**Pictures with short captions**
-*-*-

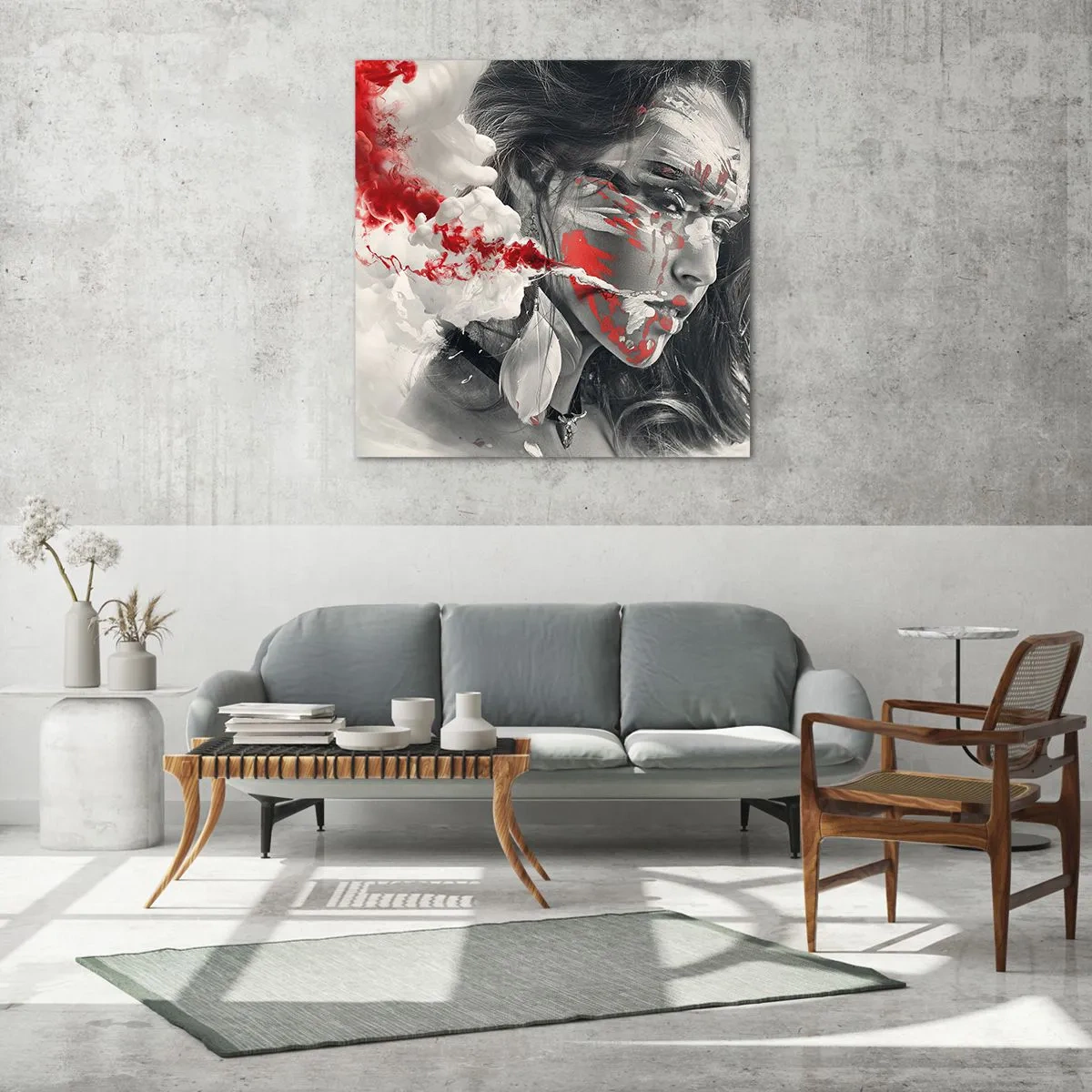 Billede på glas - I det absurdes damp - 50x50 cm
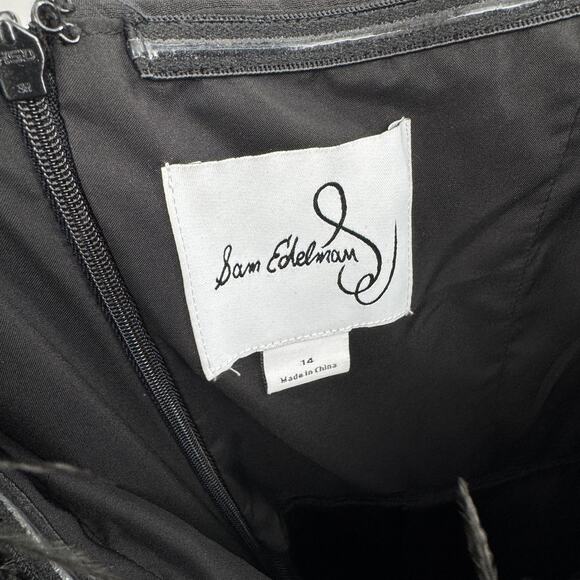 Sam Edelman Women's Black Strapless Feather-Trim Jumpsuit Size 14 Party Cocktail - Picture 8 of 13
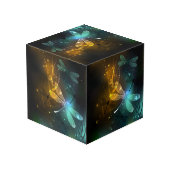 Cube Photo Vol de libellule verte lumineuse (Angle arrière)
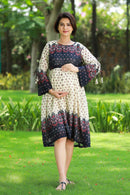 Indian Loom Maternity & Nursing Crepe Dress MOMZJOY.COM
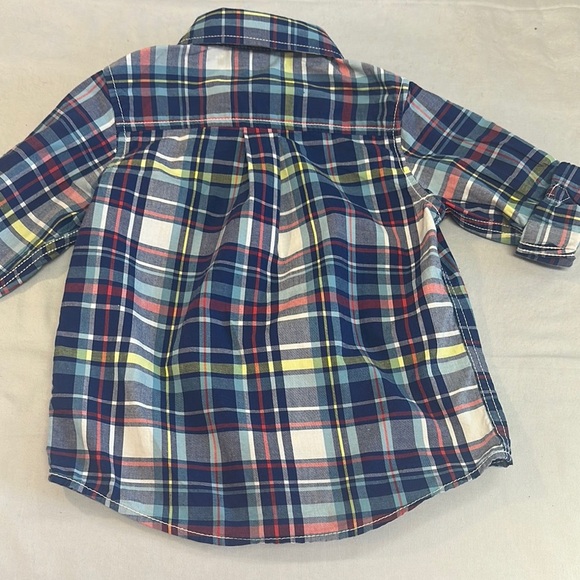 Gymboree LIKE NEW Blue and Red Button Down Shirt Long Sleeves - Picture 4 of 4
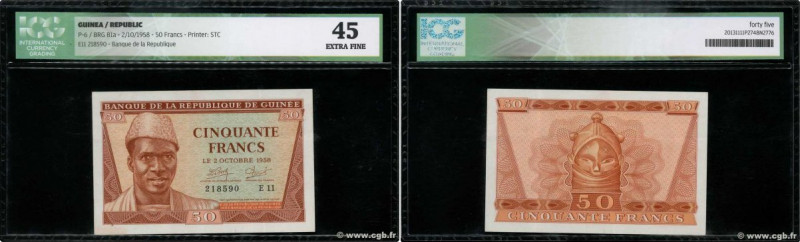 Country : GUINEA 
Face Value : 50 Francs  
Date : 02 octobre 1958 
Period/Provin...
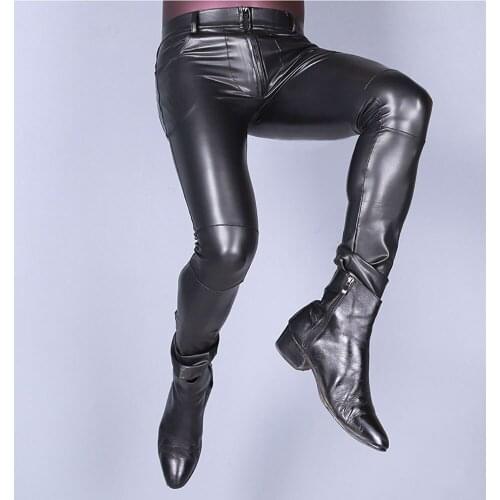 S-3XL Faux Leather men Tight Fitness Pencil Pants High Elastic PU Trousers Motorcycle Spodnie Skinny Casual Streetwear Joggers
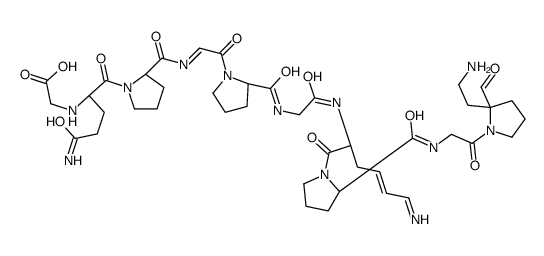 2-[[(2S)-5-amino-1-[(2S)-2-[[2-[(2S)-2-[[2-[[(E,2S)-1-[(2S)-2-[[2-[(2R)-2-(2-aminoethyl)-2-formylpyrrolidin-1-yl]-2-oxoethyl]carbamoyl]pyrrolidin-1-yl]-6-imino-1-oxohex-4-en-2-yl]amino]-2-oxoethyl]carbamoyl]pyrrolidin-1-yl]-2-oxoethylidene]carbamoyl]pyrro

-*-*-

The output is the stretch above from the line with "Indian Loom Maternity" through the line with "S-3XL Faux Leather", copied word for word with both ends kept and every picture dropped.

 Indian Loom Maternity & Nursing Crepe Dress MOMZJOY.COM
 Gymboree LIKE NEW Blue and Red Button Down Shirt Long Sleeves - Picture 4 of 4
 Country : GUINEA 
Face Value : 50 Francs  
Date : 02 octobre 1958 
Period/Provin...
 S-3XL Faux Leather men Tight Fitness Pencil Pants High Elastic PU Trousers Motorcycle Spodnie Skinny Casual Streetwear Joggers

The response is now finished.